Но при всей своей привлекательности и высокой полезности, гений литературы в собственном смысле слова отличен от гения политической истории. Дисциплина здесь иная, ибо иная и материя. Чтобы критиковать «Общественный договор» Руссо, требуется один набор навыков, а чтобы судить о действиях Учредительного собрания или Конвента, требуется набор совершенно иных навыков. Человек может обладать острейшим чувством филиации идей, их охвата и смысла, и при этом иметь весьма тусклый или незаинтересованный взгляд на игру материальных сил, своенравные приливы и отливы больших собраний людей, грубые и неуклюжие методы, которые иногда ведут к достижению мудрых политических целей.

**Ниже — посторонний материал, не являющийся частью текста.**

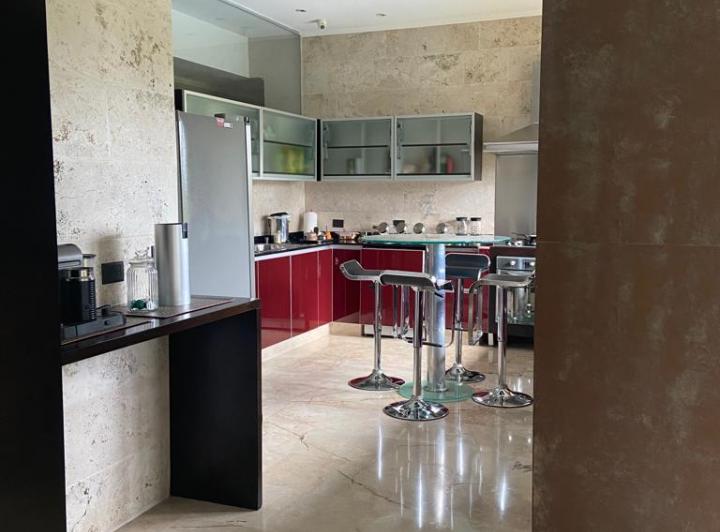 Excelente casa de gran categoría en Venta. 4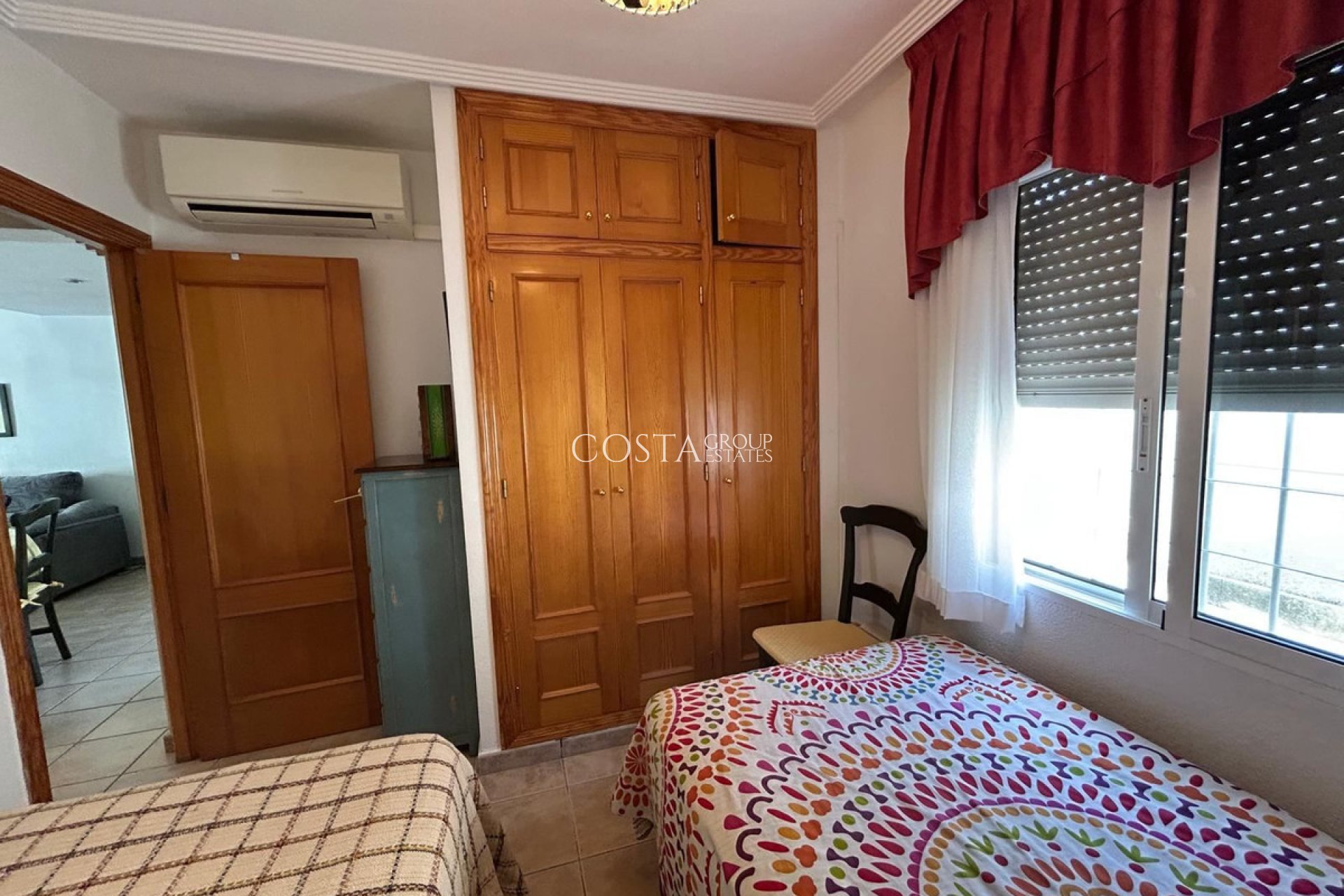 Odsprzedaż - Dom -
Torrevieja - Torrevieja Centro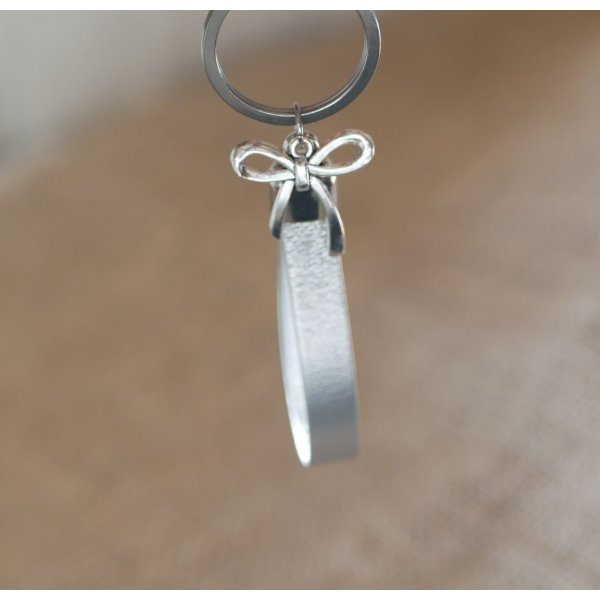 Leather key ring to be personalized by engraving decorated with a bow tie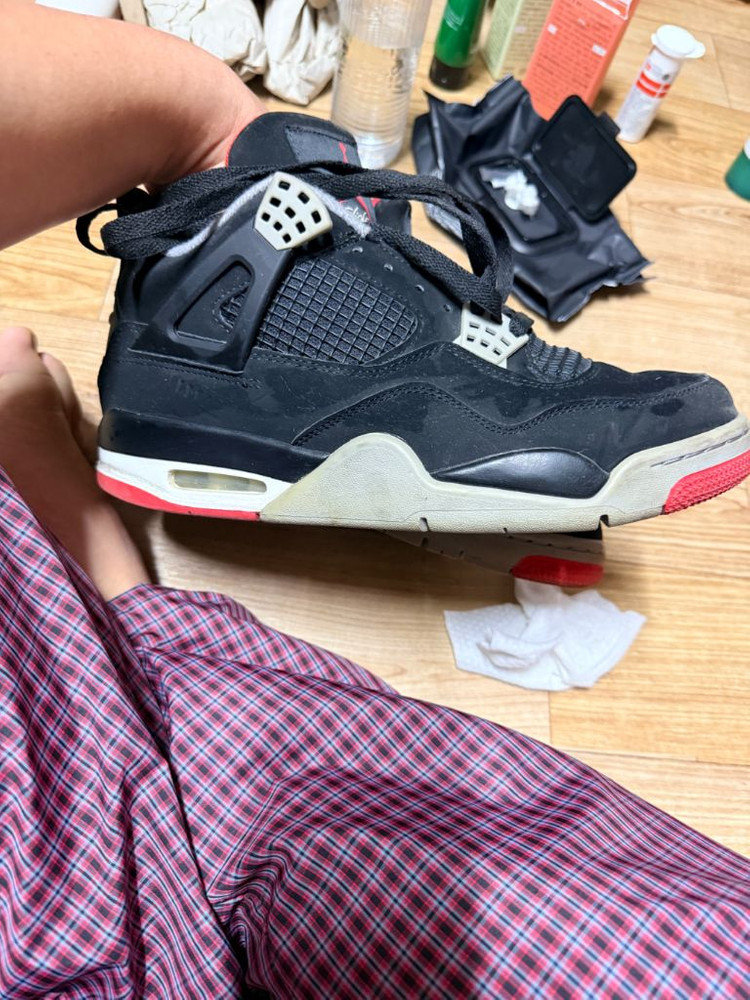 나이키 에어조던4 레트로 브레드 2019 이미지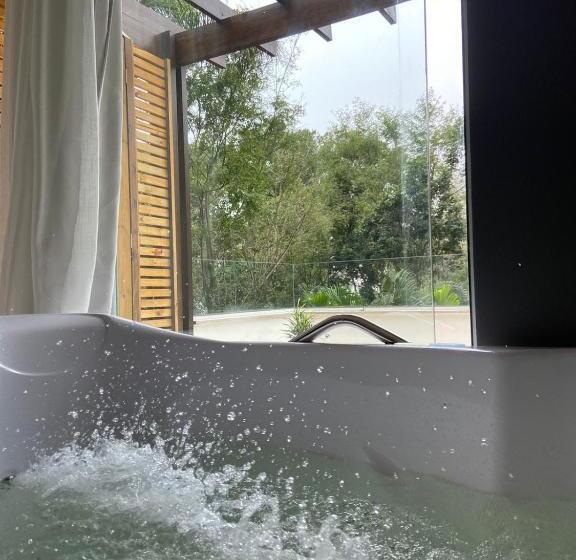 سوییت اجرایی, Bombinhas Guest House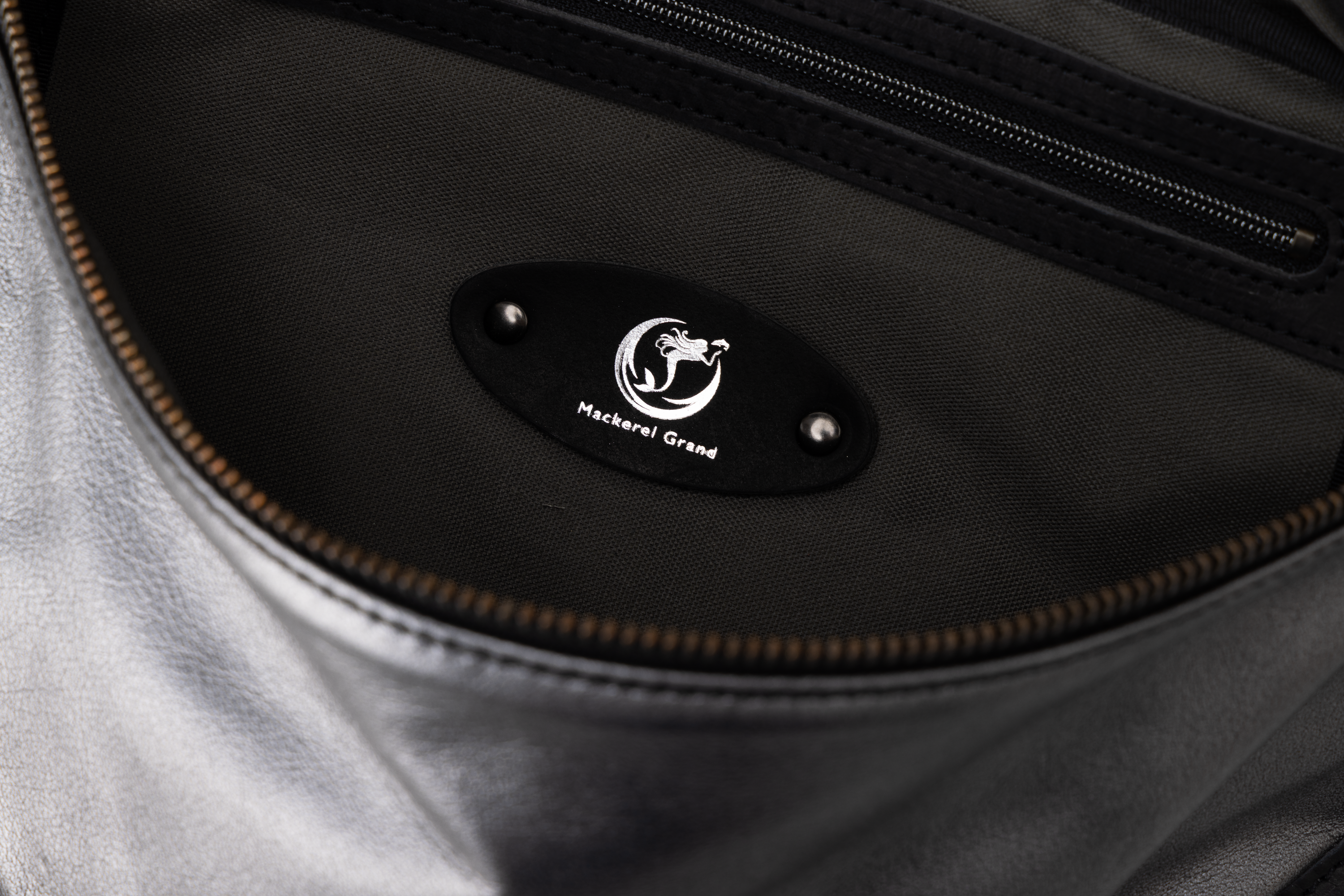 Two-Way Crossbody Bag(ETAIN)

Пожалуй, не будет слишком смелым выдвинуть следующее положение: никакая хорошая социальная история не была написана человеком, который либо сам не принимал более или менее активного участия в общественных делах, либо не был завсегдатаем круга лиц, принимавших такое участие в значительных масштабах. Всем известно, что говорил Гиббон о преимуществе для историка Римской империи в том, что он был членом английского парламента и капитаном гренадеров Гэмпшира. Фукидид командовал афинской эскадрой, а Тацит занимал должности претора и консула. Ксенофонт, Полибий и Саллюстий были людьми дела и общественных начинаний. Гвиччардини был послом, правителем и советником правителей; а Макиавелли был всем этим и многим другим. Вольтер был проницательным другом величайших принцев и государственных деятелей своего времени и не раз участвовал в дипломатических сделках. Робертсон был влиятельным партийным лидером в Генеральной ассамблее Церкви Шотландии. Грот и Маколей были активными членами парламента, а Халлам и Мильман были доверенными членами кругов, где государственные дела были главной темой ежедневных дискуссий среди людей, ответственных за доведение их до успешного завершения. Гизо был премьер-министром, Финлей — откупщиком греческих налогов. Самый ученый из современных английских историков несколько лет назад баллотировался в графстве и в своих исследованиях прошлого обычно вдохновляется интересом к политике настоящего. Немецкие историки, чьи дарования в реконструкции прошлого столь ценны и своеобразны, по большей части были столь же активно заинтересованы в общественных движениях наших дней, как и в движениях любого века до или после христианской эры. Нибур занимал не один политический пост, отличавшийся достоинством и важностью; а из исторических писателей нашего времени один заседал в нескольких прусских парламентах; другой, некогда наставник прусского принца, жил в атмосфере высокой политики; в то время как все лучшие из них принимали участие в подготовке политического духа и идей, которые вернули Германии всю полноту и возвышенность национальной жизни.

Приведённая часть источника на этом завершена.